(REQUIREMENT): Leave the pictures in the listing below aside and reproduce exactly the lines starting with the one with "Registreringsskjemaet med navn, kontotype" and going on through the one with "Mug Aquarelle Rose Florale (Gauche)", both ends included.

(TASK INPUT):
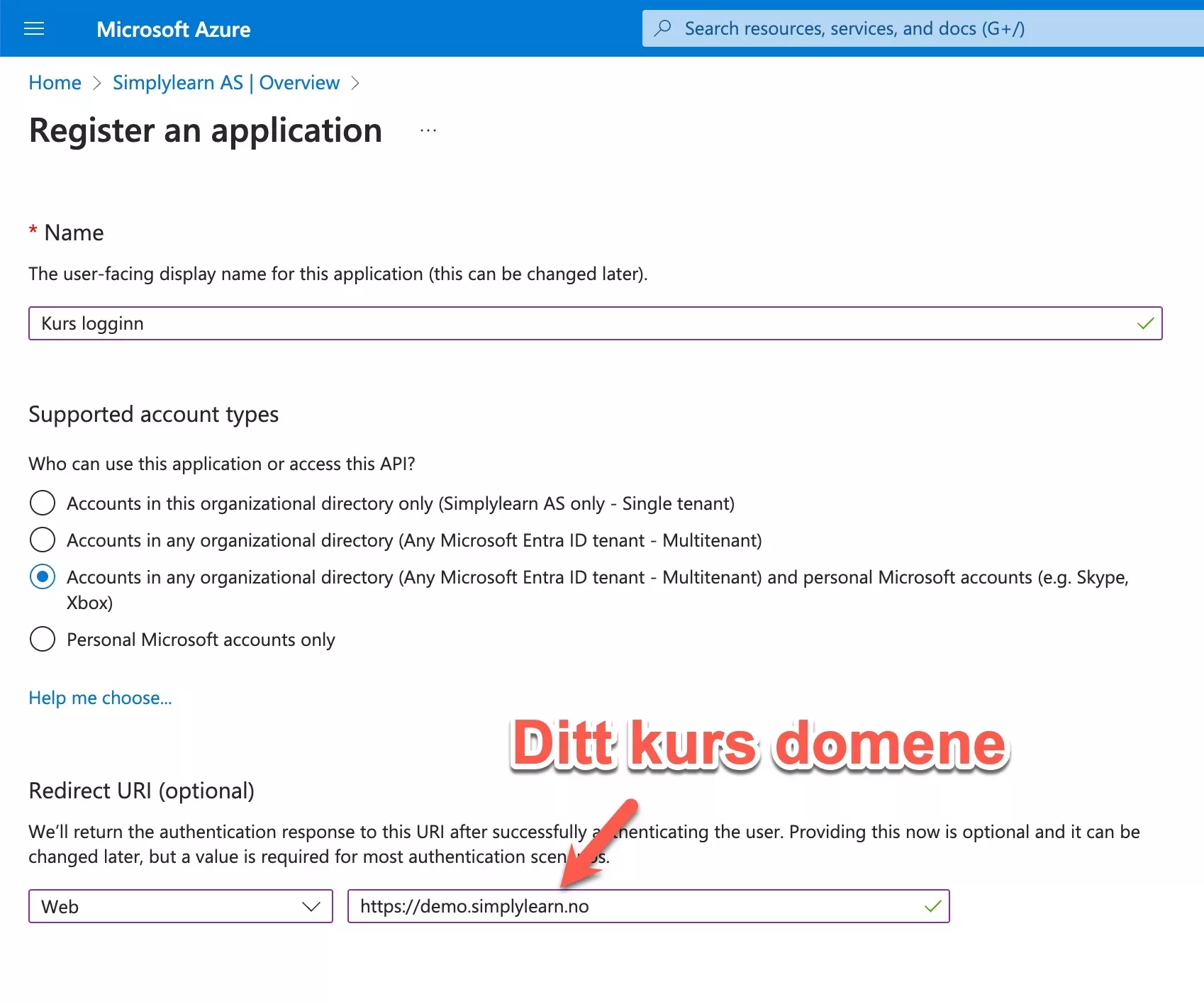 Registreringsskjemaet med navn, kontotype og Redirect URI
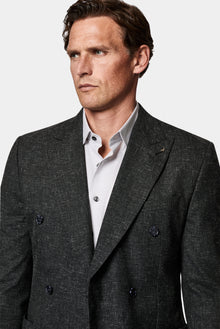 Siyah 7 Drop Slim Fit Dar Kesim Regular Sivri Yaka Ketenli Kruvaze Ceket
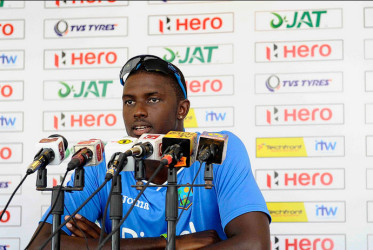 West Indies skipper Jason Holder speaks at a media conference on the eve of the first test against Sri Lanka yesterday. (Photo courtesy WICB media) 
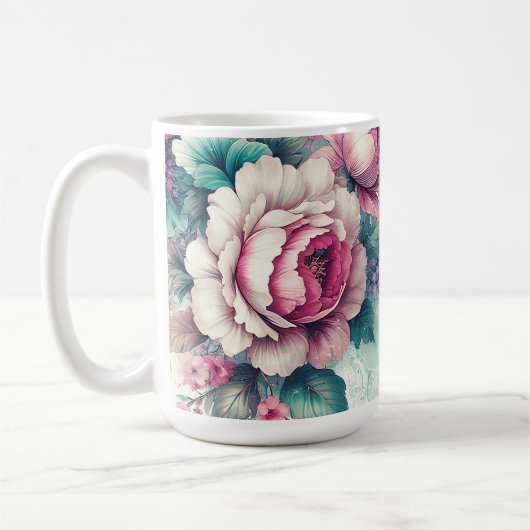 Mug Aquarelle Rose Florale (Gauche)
* * *
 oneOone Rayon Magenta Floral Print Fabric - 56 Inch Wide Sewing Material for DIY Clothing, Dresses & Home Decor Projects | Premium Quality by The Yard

(EXERCISE RESPONSE):
 Registreringsskjemaet med navn, kontotype og Redirect URI
 Siyah 7 Drop Slim Fit Dar Kesim Regular Sivri Yaka Ketenli Kruvaze Ceket
 West Indies skipper Jason Holder speaks at a media conference on the eve of the first test against Sri Lanka yesterday. (Photo courtesy WICB media) 
 Mug Aquarelle Rose Florale (Gauche)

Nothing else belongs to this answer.